Y ciertamente frente a la momentánea pérdida de la intuición y la reflexión, ya sea por miedo a desentonar completamente en el espíritu de esta época monetarista e individual, quejumbrosa y reactiva, o por miedo a que me vean como un loco y por tanto a ser completamente rechazado, en vez de seguir la carrera de externalidades  me exigo y  una y otra vez volver a mis 18 años y “verme obligado a seguir buscando la causa de mi sufrimiento no fuera de mí, sino en mí mismo” entendiendo que como individuo en actos y en identidad profunda, no soy más que una enorme energía que comprende que la realidad es mi responsabilidad tal cual existe, es decir como la imagen y semejanza de todos y cada uno de las identidades, intenciones y actos de cada uno de nosotros.

Para terminar. Lo que tantos hombres y mujeres estudiosas llaman lo supranatural,  no es sino aquello que va más alla de la construcción de la propia identidad humana, del mundo animal y vegetal, del cosmos e incluso de la comunidad misma. En palabras de Heidegger, es el ser que nos da la espalda y al que nos negamos a mirar cara a cara, y que al no confrontarlo, convierte nuestro necesario habitar el mundo en un mero ocupar. Al respecto espero que un ejemplo simple sirva como idea esclarecedora: cuando le di la espalda a mi ser escritor, con el supuesto afán del compromiso social, me enfrenté vacío al mundo y lo que creí como colaboración apasionada y solidaria en la transformación de mi país, no fue sino un estar ahí disciplinado en el lugar correspondiente del enorme ejército de desesperados, conviertiéndome en un desesperado más.
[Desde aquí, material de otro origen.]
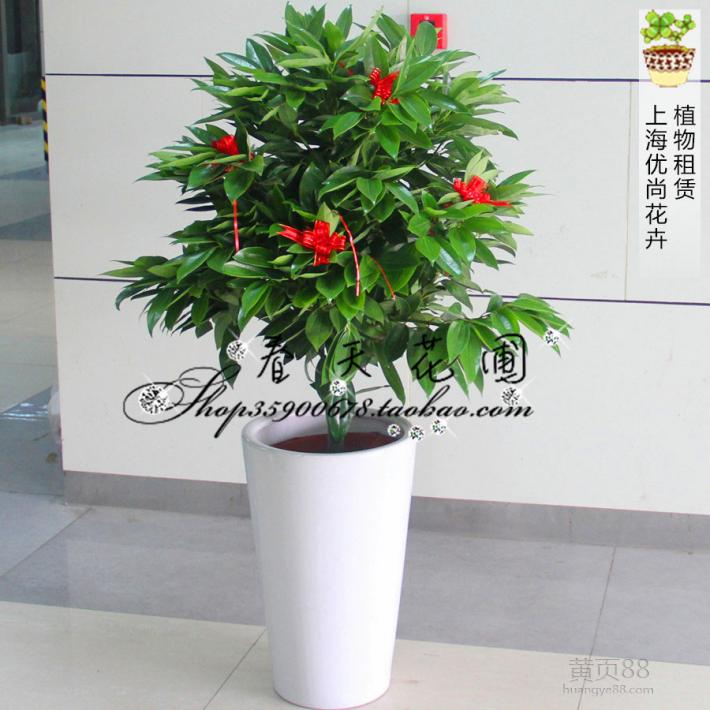 室内植物大全，适合家养的138种花卉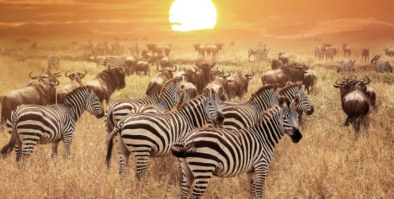 Zebras in a field with the sun setting behind them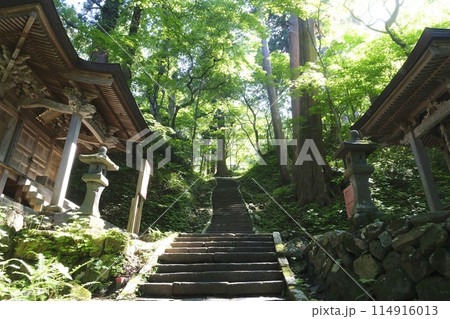 羽黒山参道 羽黒山参道 114916013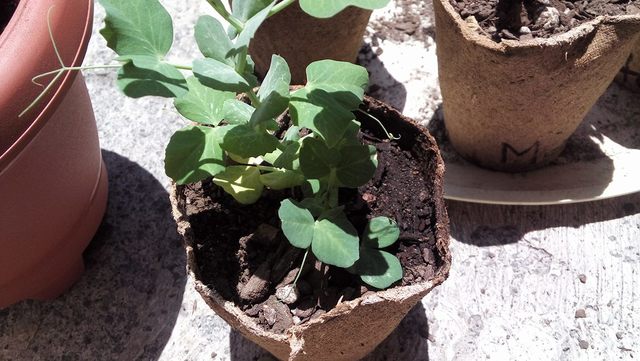 Han crecido lo suficiente como para cambiarla pronto a una maseta grande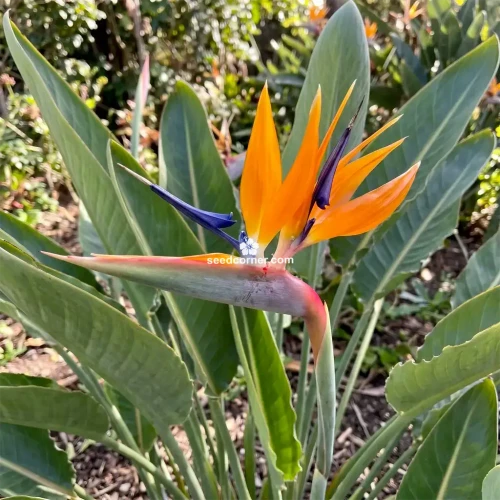 Bird of Paradise Strelitzia Reginae Seeds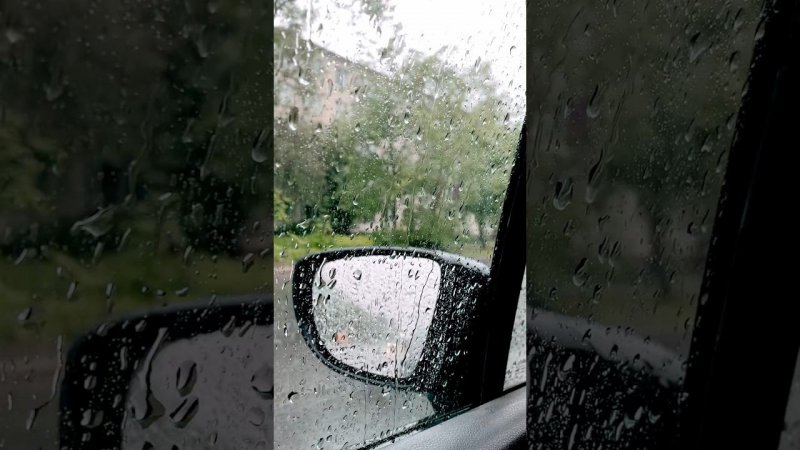 Долгожданный ДОЖДЬ в Питере ️☔️️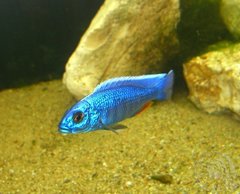 Sciaenochromis Fryeri Iceberg F1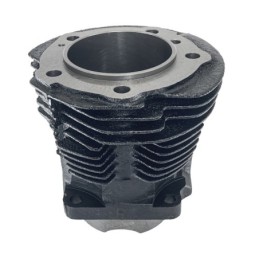 Cylindres et pistons zodiac 049120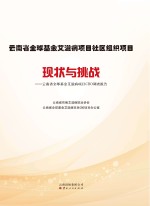 云南省全球基金艾滋病项目社区组织项目现状与挑战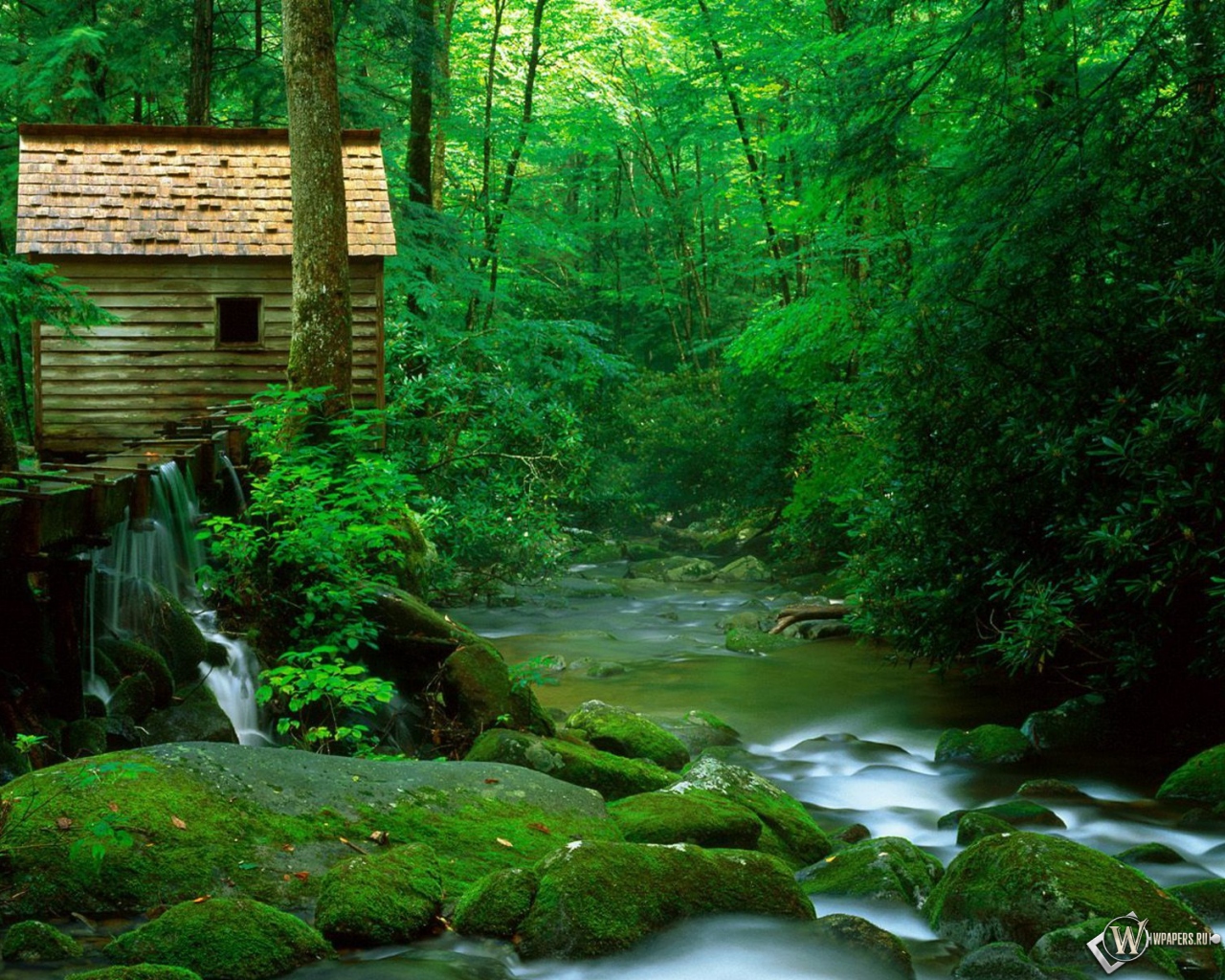 Лесной домик 1280x1024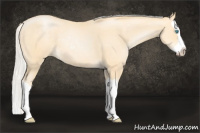 Horse Color:Silver Buckskin Pearl Sabino Splash 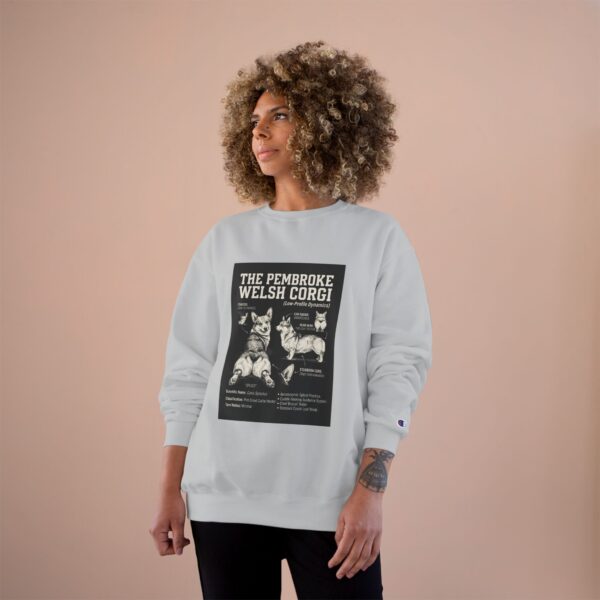 3622417738678352299_2048.jpeg Champion Sweatshirt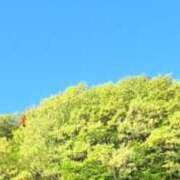 ヒメ日記 2025/04/21 08:09 投稿 みい バッドカンパニー水戸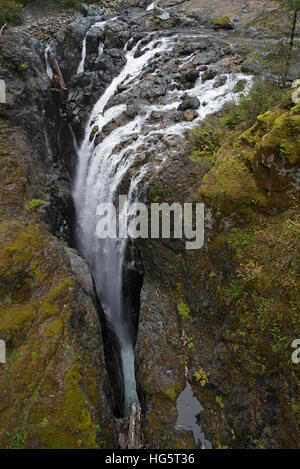 Inglese River Falls Provincial Park è un popolare parco turistico a circa 10 km a monte da Parksville. SCO 11,354. Foto Stock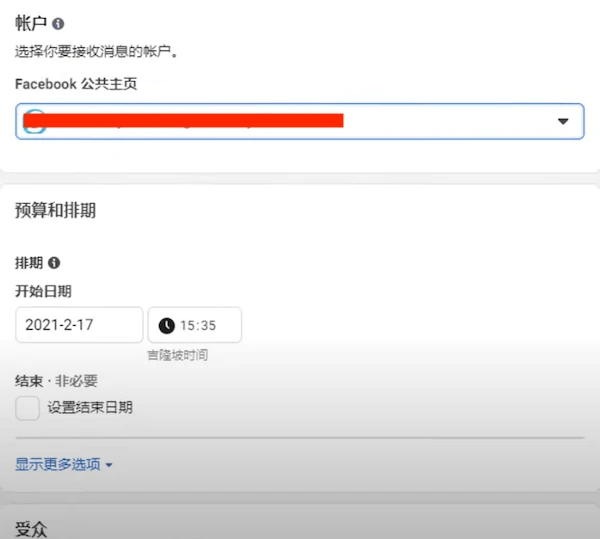 设置公共主页和广告投放时间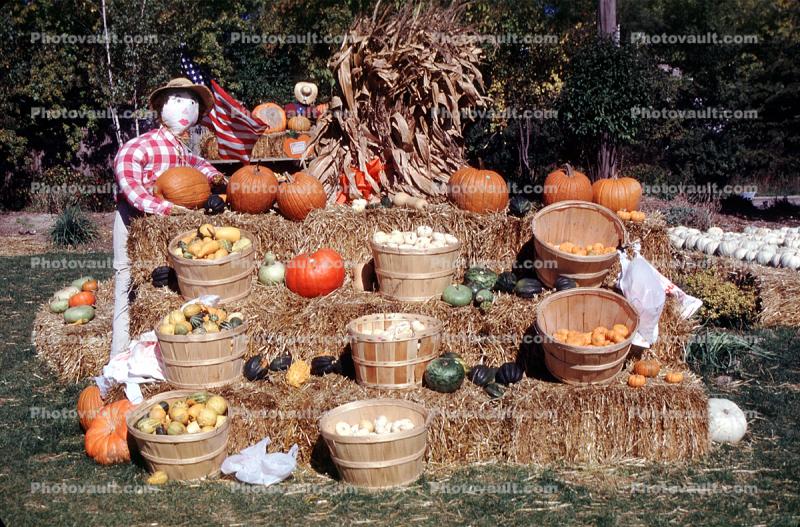 Hay Bales, Scarecrow, Pumpkins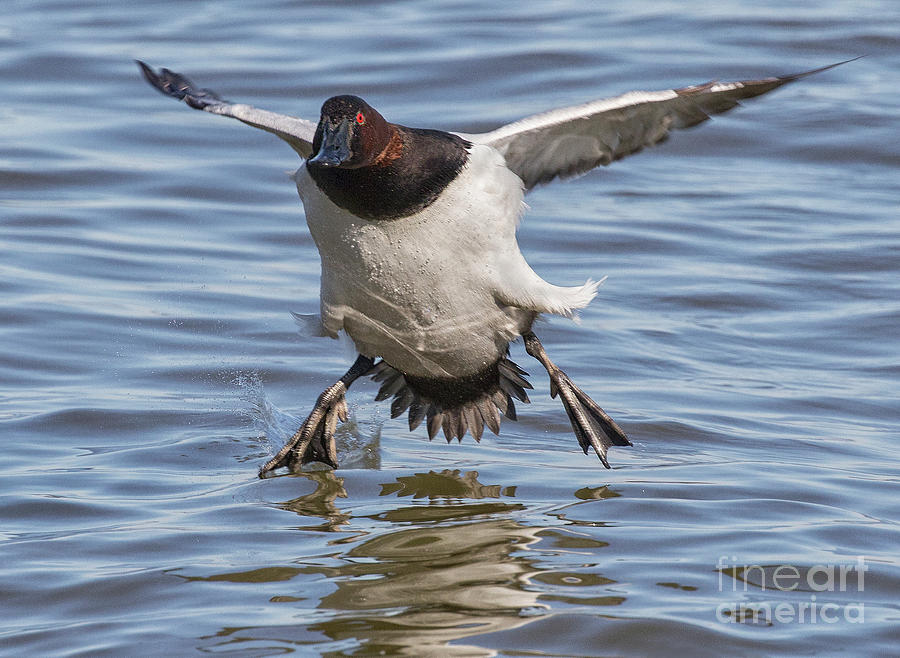 Canvasback Stop Photograph by Art Cole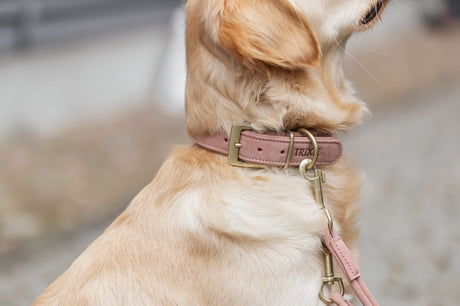 Hund trägt ein rosafarbenes Halsband mit goldener Schnalle von TRIXIE.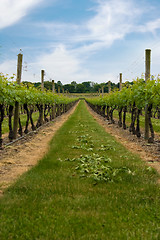 Image showing Vineyard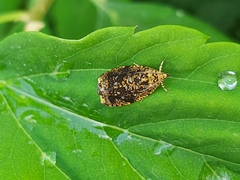 Celypha siderana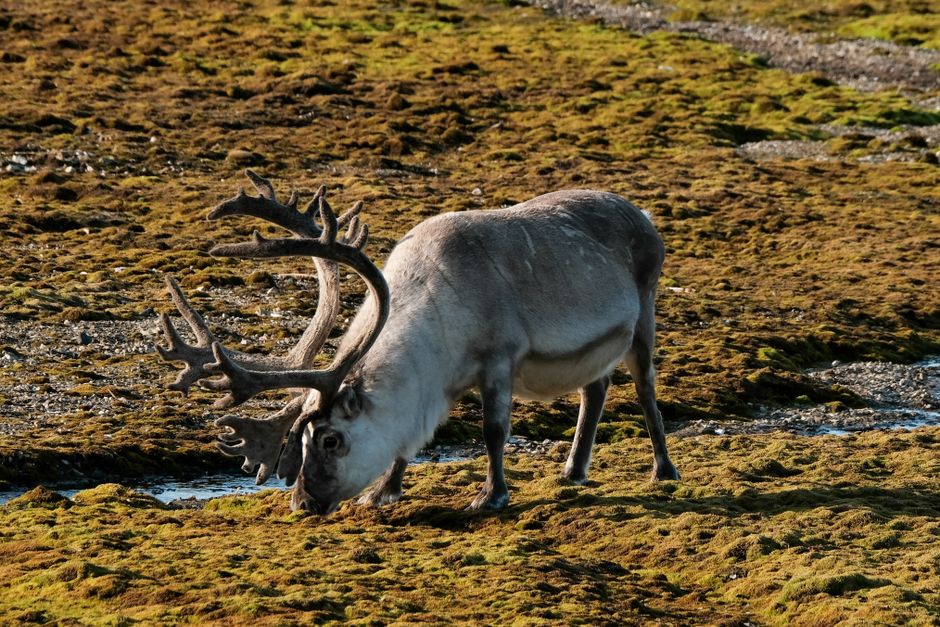 B.C. Approved Logging in Caribou Habitat Against Its Own Advice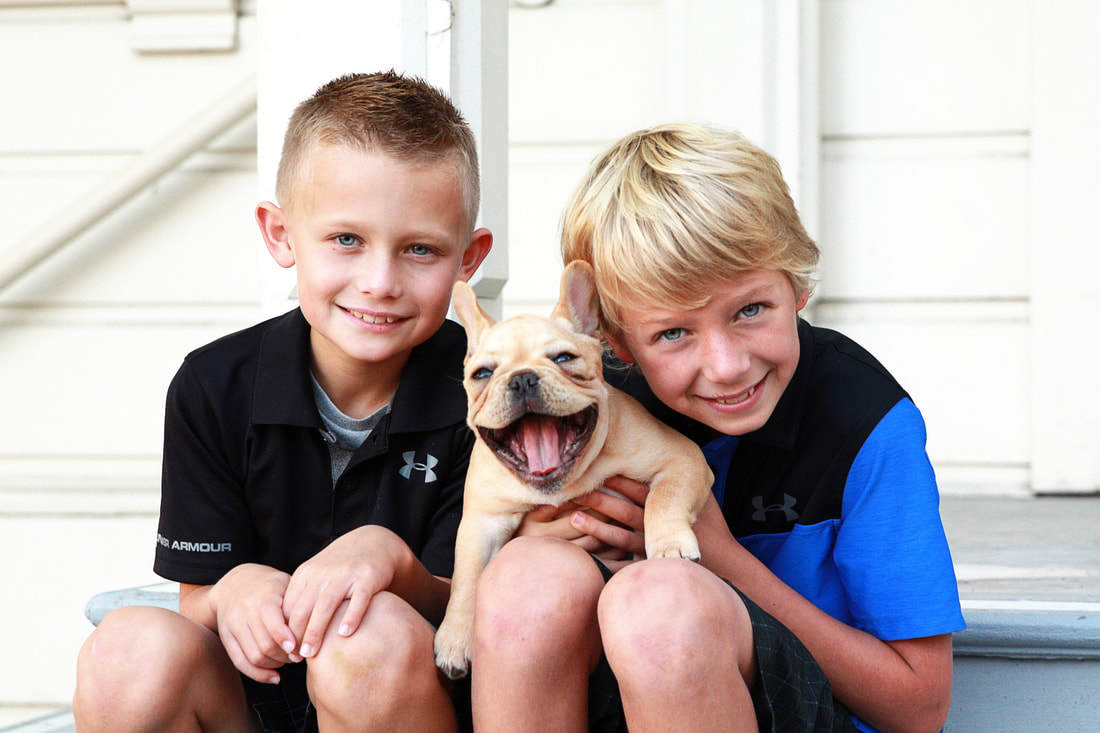 Two boys hold their yawning puppy at a park in Danville.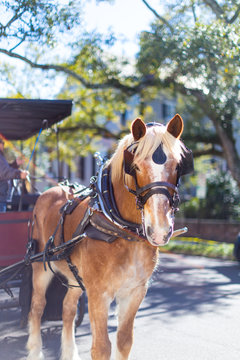 Carriage Horse In Charleston, South Carolina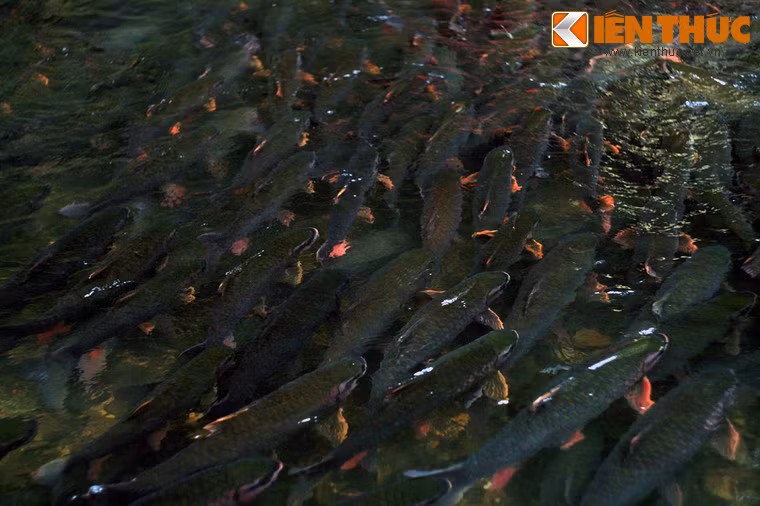 Những con "cá thần" ở nơi đây có trọng lượng khá lớn, chủ yếu từ 2 kg đến 8 kg. Cũng có những con nặng hàng chục kg.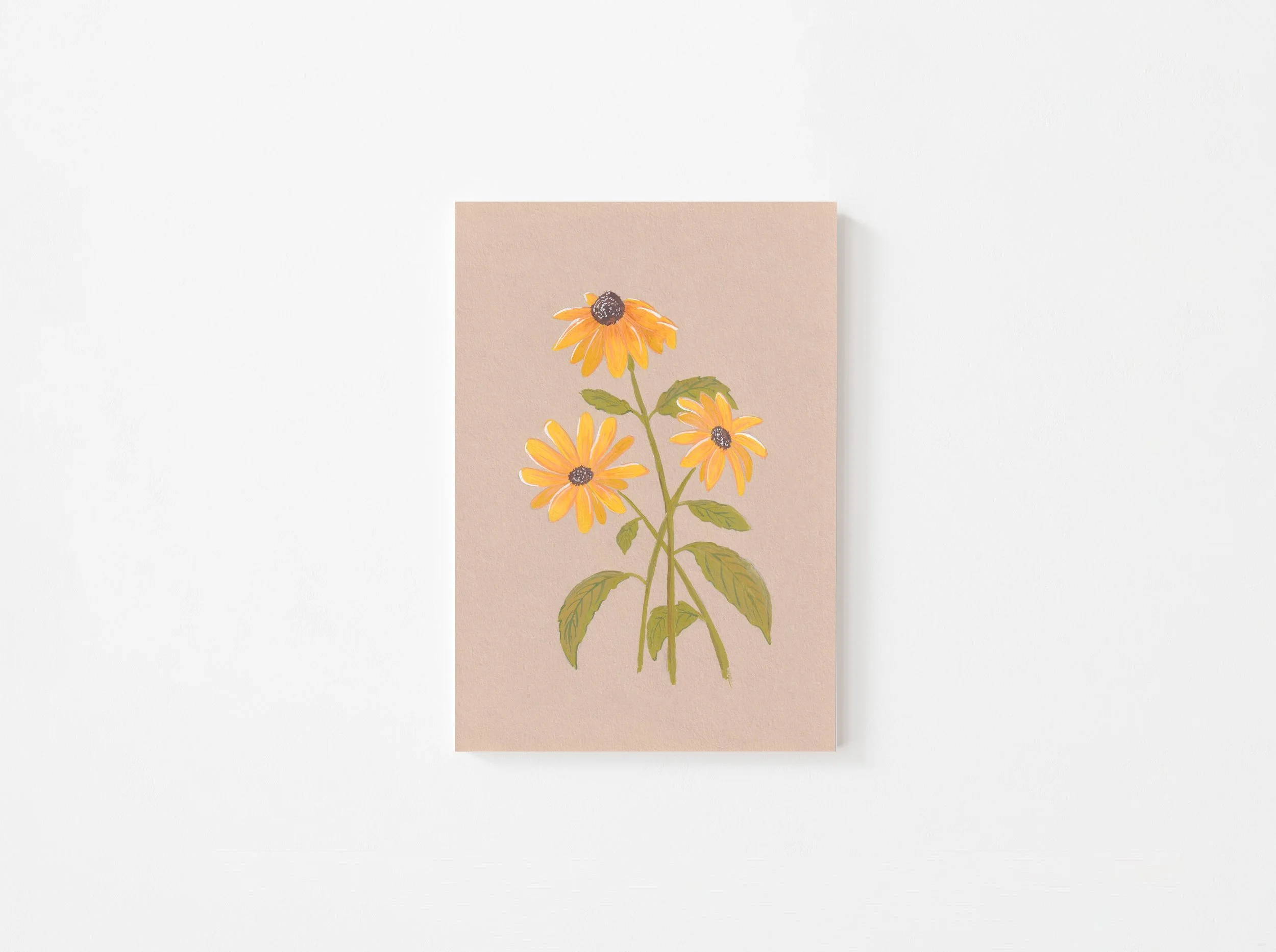Black Eyed Susan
Si mi contribución se hubiese anclado desde mi propio ser, acaso una o dos o tres personas hubiesen podido mirarme como alguien genuino, y sino determinante, al menos como un hombre que con sus errores y limitaciones pudiera haber mostrado que la verdadera transformación a la que millones aspirábamos era un correlato de la reflexión interna, es decir que no podía estar divorciada del afán y del esfuerzo supremo de la transformación de nuestras propias limitaciones y errores individuales.

Por ello Chile hoy, no es sino el mismo Chile de ayer, pues su identidad es dual, con sus terribles horrores embozados, con sus dramáticos egoísmos escondidos, con sus horrorosas violencias reprimidas, que estallan de cuando en cuando y ciertamente esperan el tiempo de los chacales y de las hienas, para irrumpir como una explosión gigantesca, a dentelladas, y así mutilar a  los demás, para imponer verdades que probablemente cambiarán las manifestaciones externas del mundo, sus formas, pero no su ser, porque quienes las enaborlan descargan la culpabilidad sobre otros.